Art. 3  Difetto di giurisdizione

In vigore dal 15 gennaio 1993

1.  Il difetto di giurisdizione delle commissioni tributarie è rilevato, anche d’ufficio, in ogni stato e grado del processo. (17)

2.  È ammesso il regolamento preventivo di giurisdizione previsto dall’art.41, primo comma, del c.p.c. (16).


(16)  La Corte costituzionale, con ordinanza 3-7 novembre 2008, n. 363 (Gazz. Uff. 12 novembre 2008, n. 47, 1ª Serie speciale), ha dichiarato la manifesta inammissibilità delle questioni di legittimità costituzionale dell’art. 3, sollevate in riferimento agli artt. 24, 111 e 113 della Costituzione.

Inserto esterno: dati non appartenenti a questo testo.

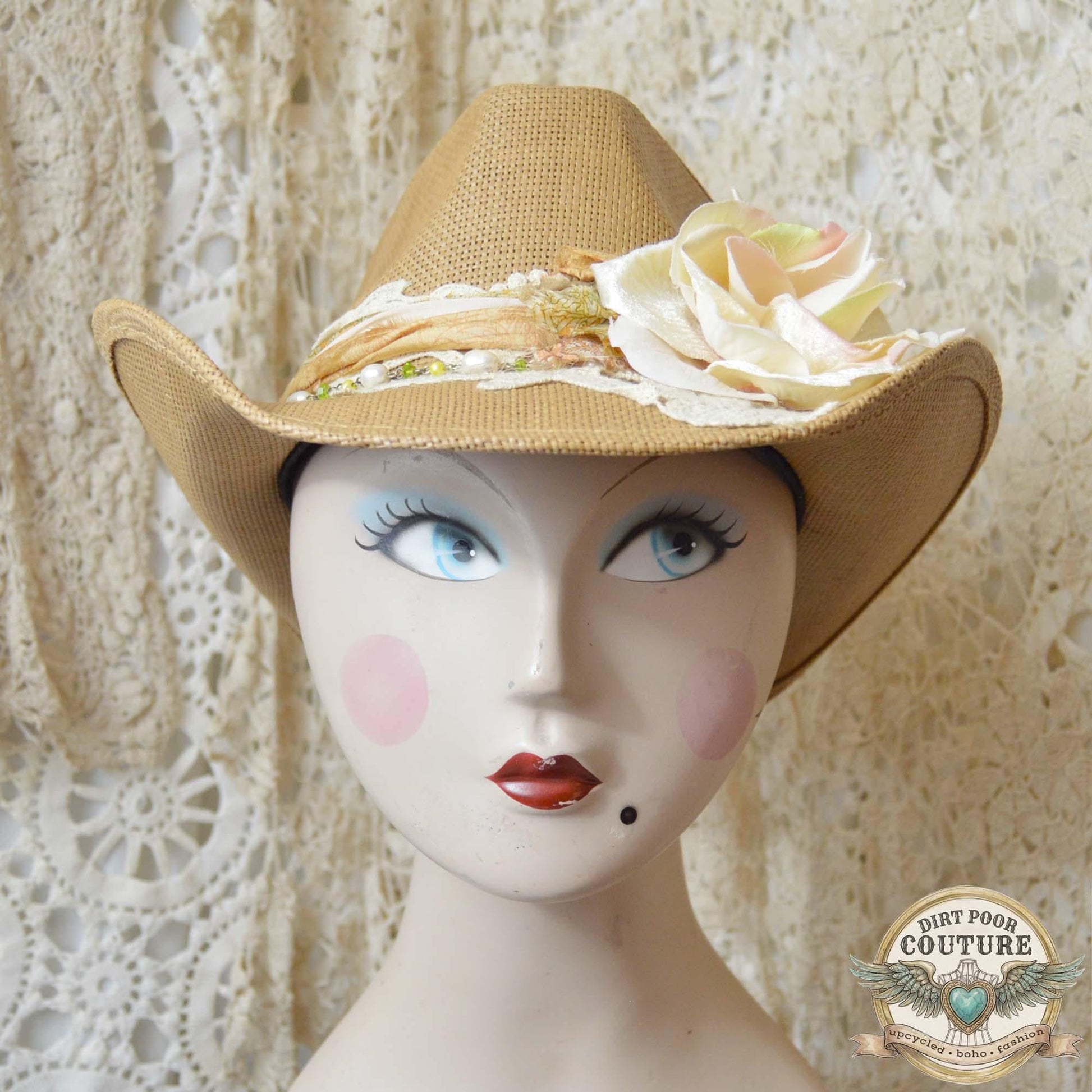 Distressed Boho Cowgirl Hat, One of a Kind Western Hat, Vintage Sari Silk Hat, Romantic Prairie Hat, Delilah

(17) La Corte costituzionale, con ordinanza 04 – 13 luglio 2011, n. 212 (Gazz. Uff. 20 luglio 2011, n. 31, 1ª Serie speciale), ha dichiarato la manifesta inammissibilità della questione di legittimità costituzionale dell’art. 3, comma 1, sollevata in riferimento agli articoli 24 e 113 della Costituzione.

 


Art. 4  Competenza per territorio

In vigore dal 31 maggio 2010

1.  Le commissioni tributarie provinciali sono competenti per le controversie proposte nei confronti degli uffici delle entrate o del territorio del Ministero delle finanze ovvero degli enti locali ovvero dei concessionari del servizio di riscossione, che hanno sede nella loro circoscrizione; se la controversia è proposta nei confronti di un centro di servizio o altre articolazioni dell’Agenzia delle Entrate, con competenza su tutto o parte del territorio nazionale, individuate con il regolamento di amministrazione di cui all’articolo 71 del decreto legislativo 30 luglio 1999, n. 300, nell’ambito della dotazione organica prevista a legislazione vigente e anche mediante riorganizzazione, senza oneri aggiuntivi, degli Uffici dell’Agenzia è competente la commissione tributaria provinciale nella cui circoscrizione ha sede l’ufficio al quale spettano le attribuzioni sul tributo controverso. (18)

2.  Le commissioni tributarie regionali sono competenti per le impugnazioni avverso le decisioni delle commissioni tributarie provinciali, che hanno sede nella loro circoscrizione.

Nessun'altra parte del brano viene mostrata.